Im Caritas-Altenzentrum St. Martin hat man sich dafür entschieden, das Tablet jeweils in die Zimmer der Bewohner zu bringen, sagt Rainer Schlaghecken vom Caritasverband Düsseldorf. "Für die Senioren ist es angenehmer, im gewohnten und geschützten Umfeld mit den Angehörigen zu sprechen." Das Pflegepersonal freue sich darüber, dass sie Bewohnern ihre Angehörigen trotz Besuchsverbot auf diese Weise näher bringen könnten.
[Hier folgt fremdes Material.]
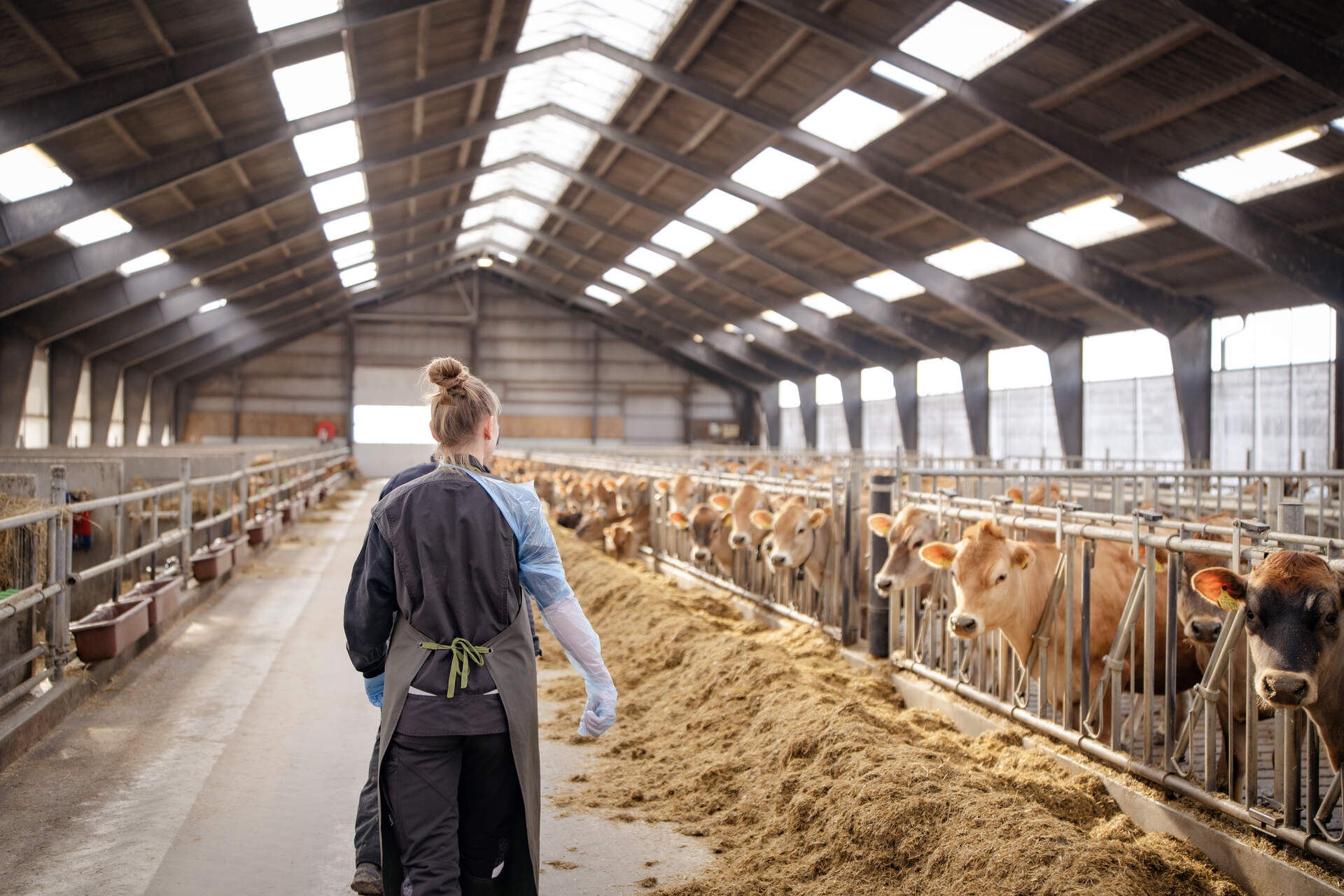 Inseminør går igennem en Jersey stald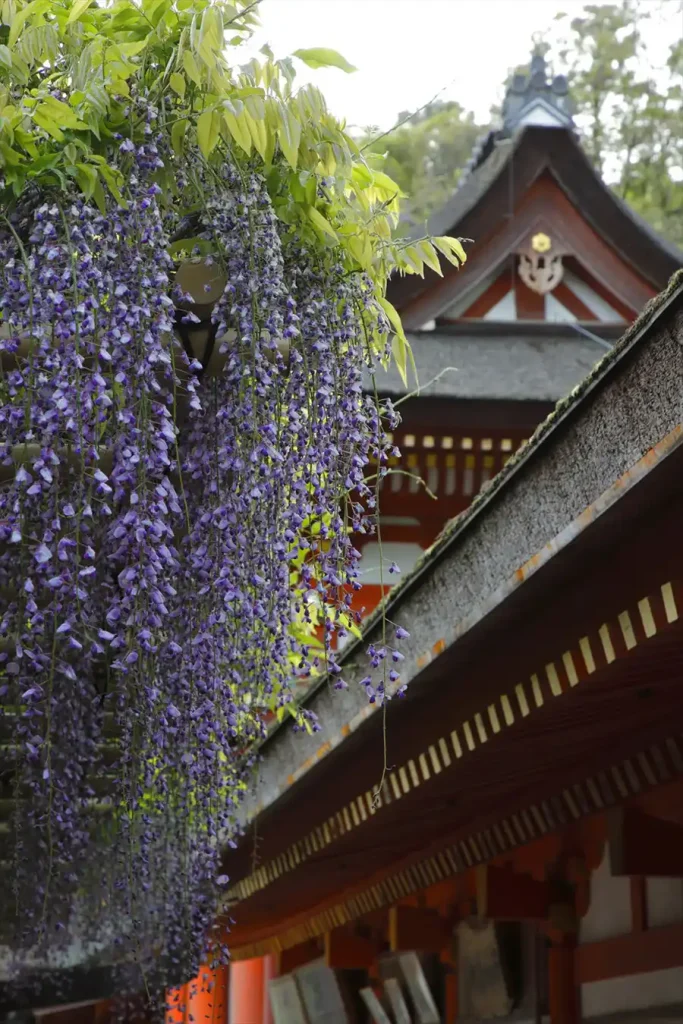 春日大社の砂ずりのフジ
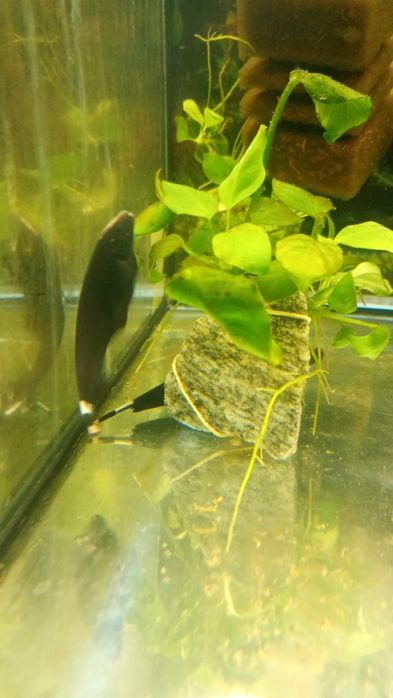 Duch amazoński duch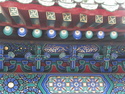 Beautiful roof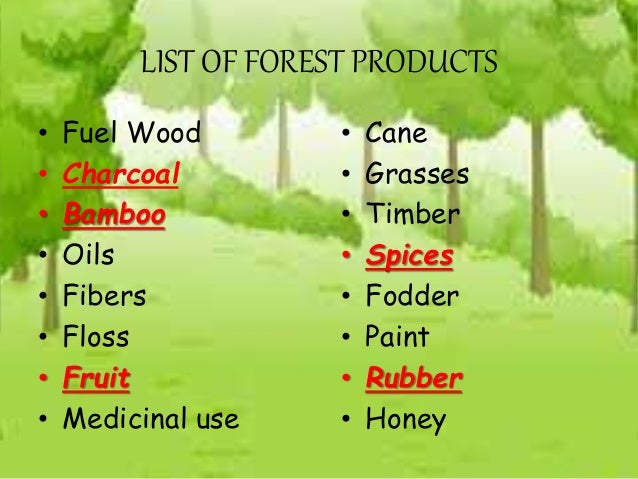 jeet-sst-forest-product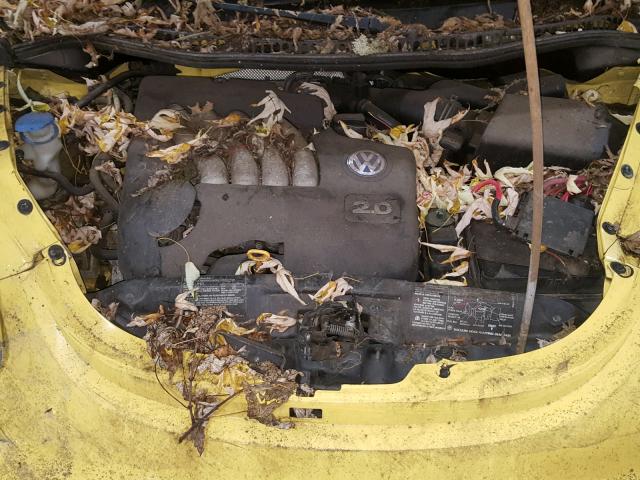 3VWCK21C93M424657 - 2003 VOLKSWAGEN NEW BEETLE 黄色 照片 7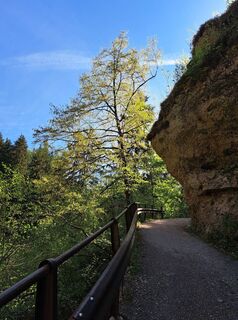 Photo de Egnerute le long du parcours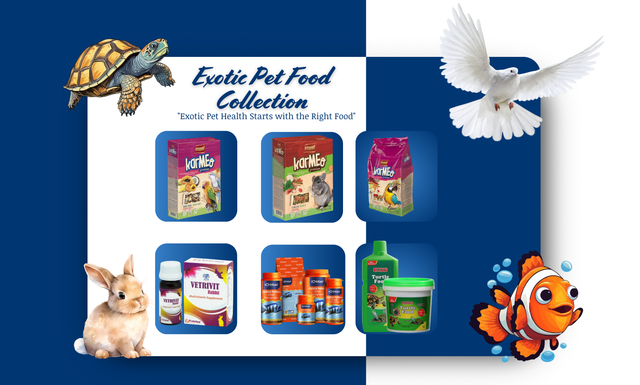 All in One Exotic Pet Collection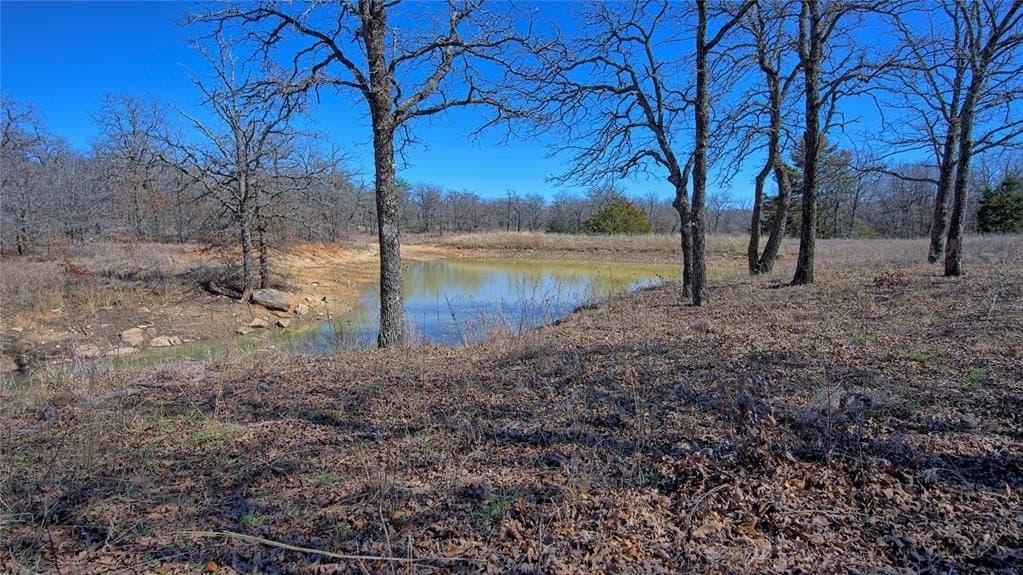 24.99 acres in Montague County - photo 2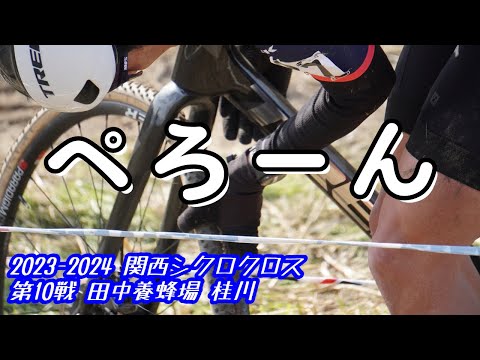 滑り倒した1日 関西シクロクロス 第10戦 桂川 E1(C1) 65位 2023-2024 【ゆっくり実況】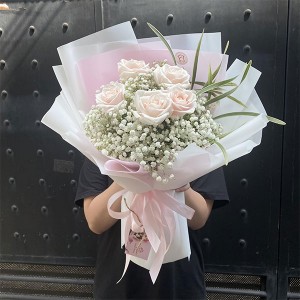 Tìm chị giúp việc nhà nấu cơm, nhà 2 lầu ở quận 7, Nhà chỉ có 2 người.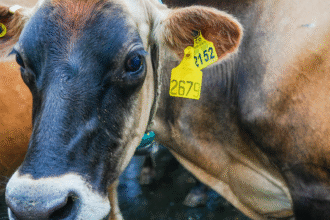 Trazabilidad bovina en Costa Rica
Das Altenheim St. Martin ist die erste Einrichtung in Deutschland, die "Videobesuch" nutzt. Die App ist erst vor knapp vier Wochen bei einem sogenannten Hackathon der Bundesregierung entstanden, sagt Pharrell. Bei der Veranstaltung sollten digitale Projekte entwickelt werden, die dabei helfen sollen, die Folgen der Corona-Pandemie zu begrenzen. "Videobesuch" hat sich unter 1.500 eingereichten Projekten als einer von 20 Gewinnern durchgesetzt.
Auch das Kuratorium Deutsche Altershilfe ist über Projekte wie "Videobesuch" in Zeiten von Besuchsverboten dankbar, betont aber, dass Videoanrufe nicht langfristig den persönlichen Kontakt zu Angehörigen ersetzen dürften. Studien belegten, dass nicht die Häufigkeit von Kontakten für die Heimbewohner entscheidend sei, sondern die Intensität.
Auch geben die Experten zu bedenken, dass ein solches Projekt gerade bei Senioren gut begleitet werden müsse. "In Zeiten von Corona, in denen das Pflegepersonal jeden Tag bis an die Grenze der Belastung und oft darüber hinaus geht, ist es eine weitere Belastung für Pflegepersonal."